» Task prompt
Beginning with the line that holds "1 Bedroom House for rent in Chalong", copy each line exactly through the end of the entries, but leave the pictures out.

::::

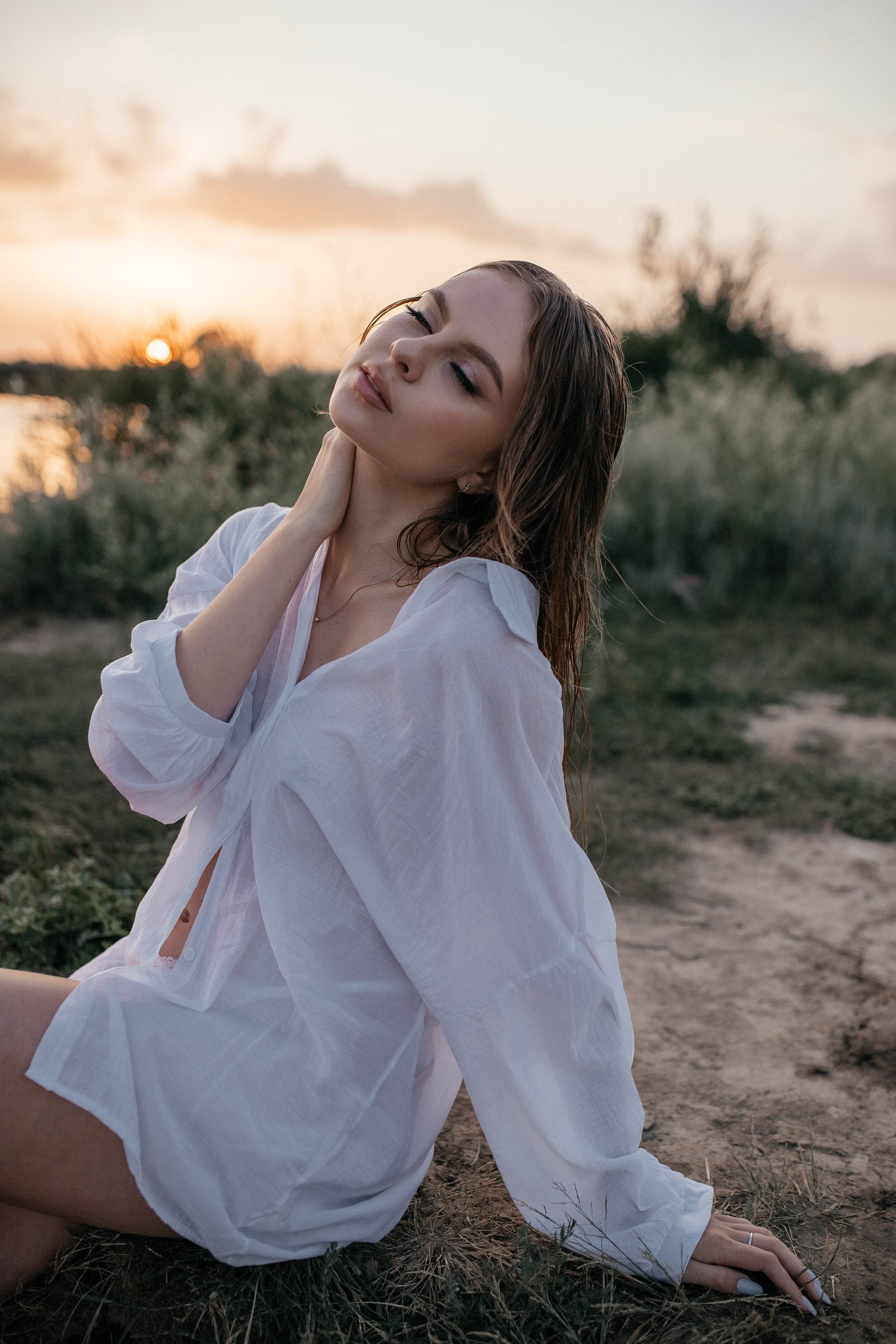 Ксения. Фотограф Сальск Катерина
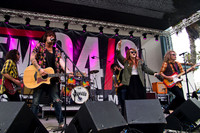 The Mowglis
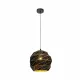 Светильник подвесной 150-18260 Tekled, SY2080-300 ЧЕРНЫЙ E27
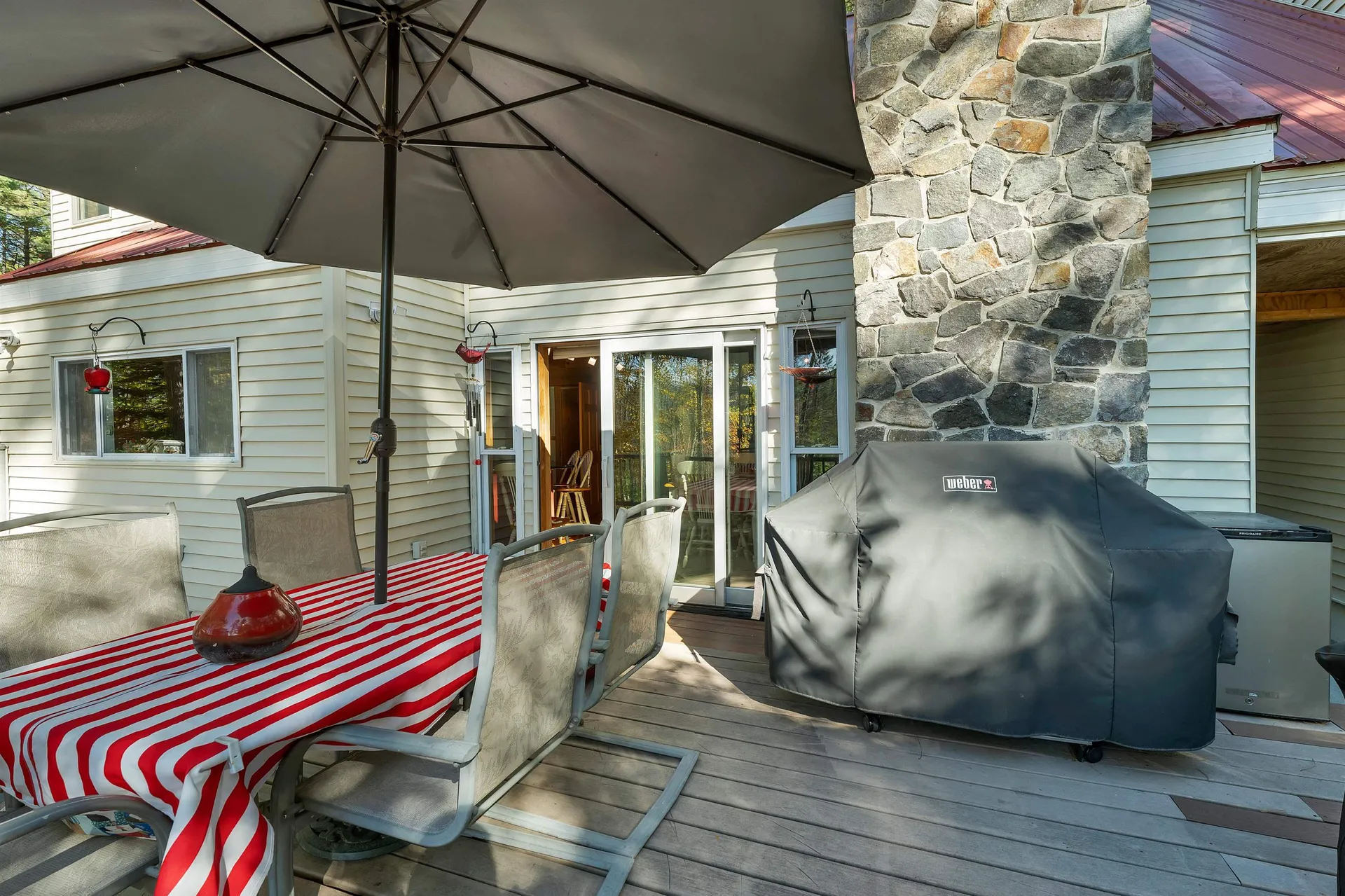 20 Pine Lane Road Ossipee NH 03890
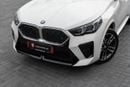 BMW X2 M-Kit | 3,133 P.M  | 0% Downpayment | Fantastic Condition!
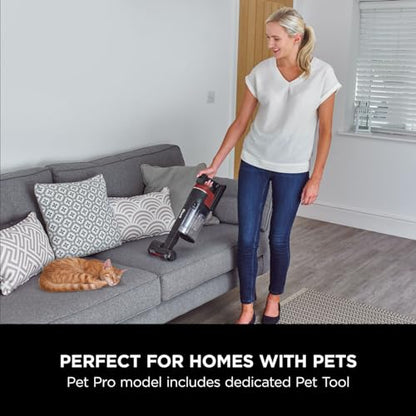 Shark Stratos cablelos Stabvacuum cleaner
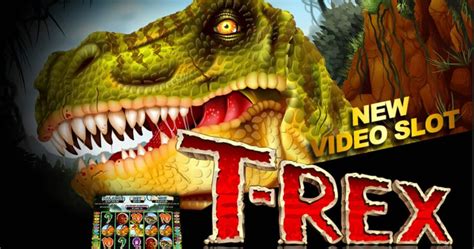  t rex casino free games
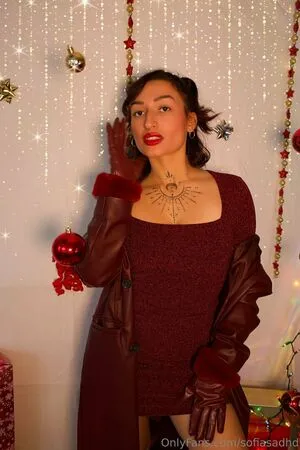Sofiasadhd OnlyFans Leaked Free Thumbnail Picture - #u1AS0BkEFh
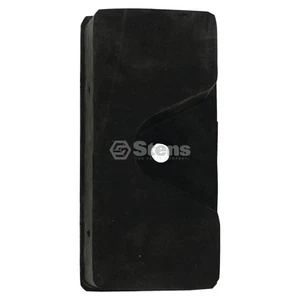 Bumper Fits Caseih 87611723 1701-0461 - Picture 1 of 1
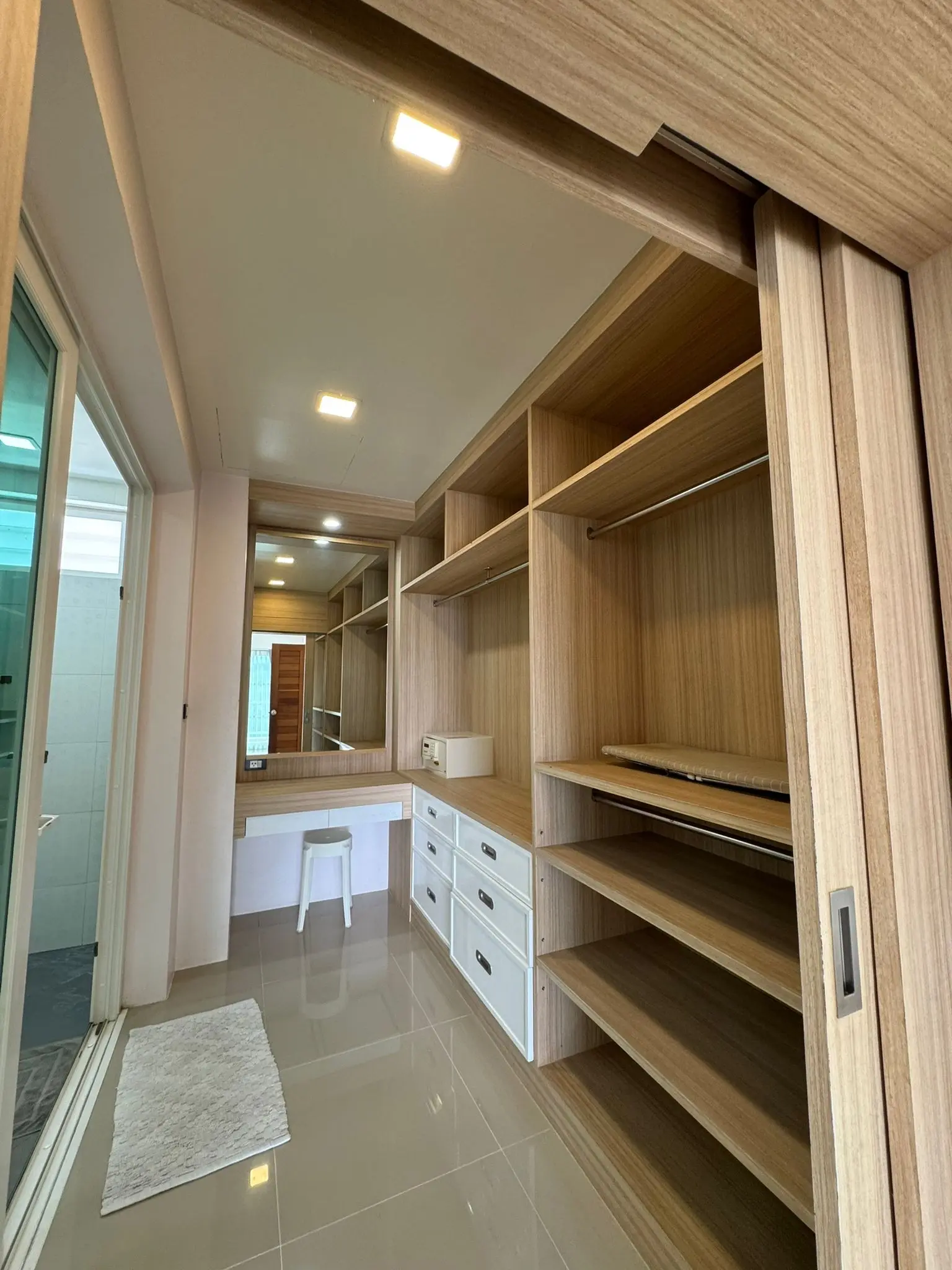1 Bedroom House for rent in Chalong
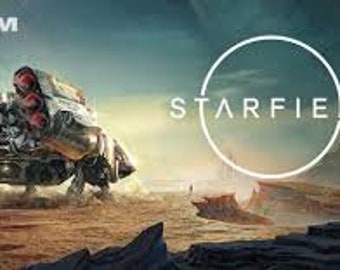 Starfield Premium Edition STEAM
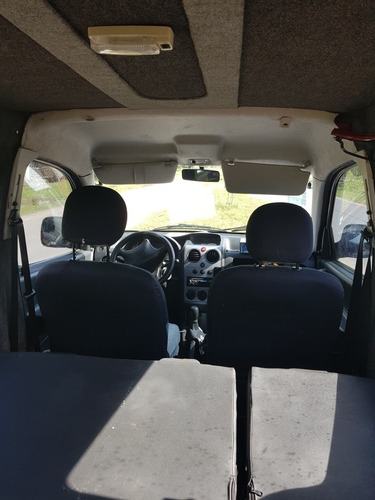 Peugeot Partner 1.6 Hdi Furgon Confort Airbag 2011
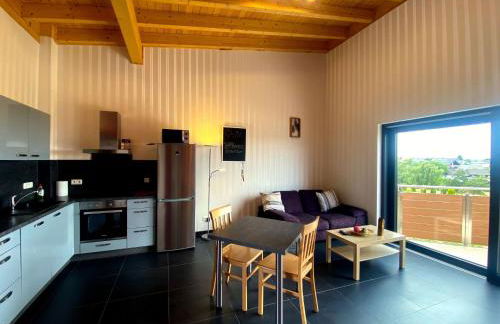 Apartment am Weiher - Wohnung 6 - Für 2 Personen by Interhome - Foto 5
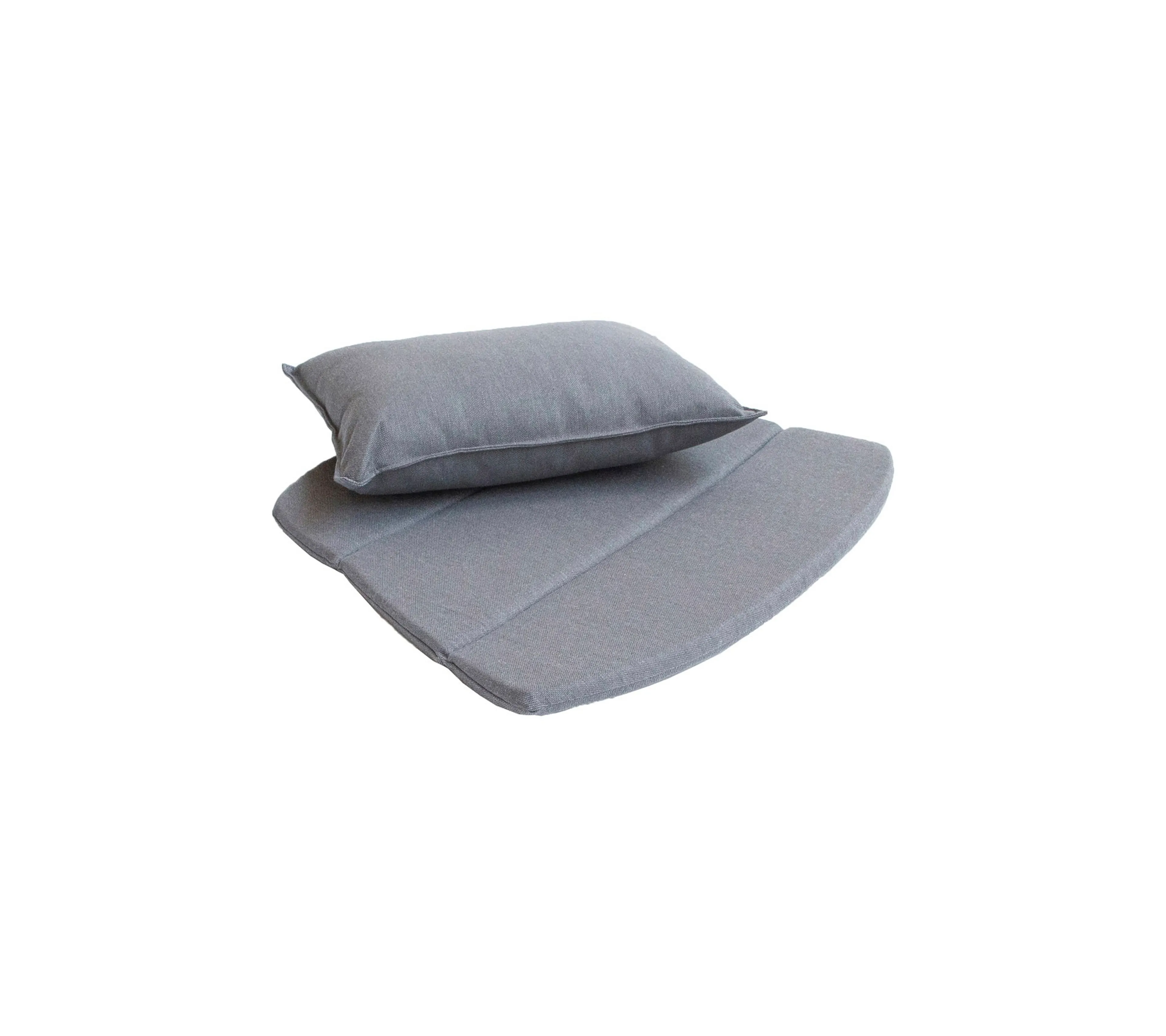 Gartenstuhl-Auflage Breeze 2 tlg.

::::

» Your solution
1 Bedroom House for rent in Chalong
 Starfield Premium Edition STEAM
 Peugeot Partner 1.6 Hdi Furgon Confort Airbag 2011
 Apartment am Weiher - Wohnung 6 - Für 2 Personen by Interhome - Foto 5
 Gartenstuhl-Auflage Breeze 2 tlg.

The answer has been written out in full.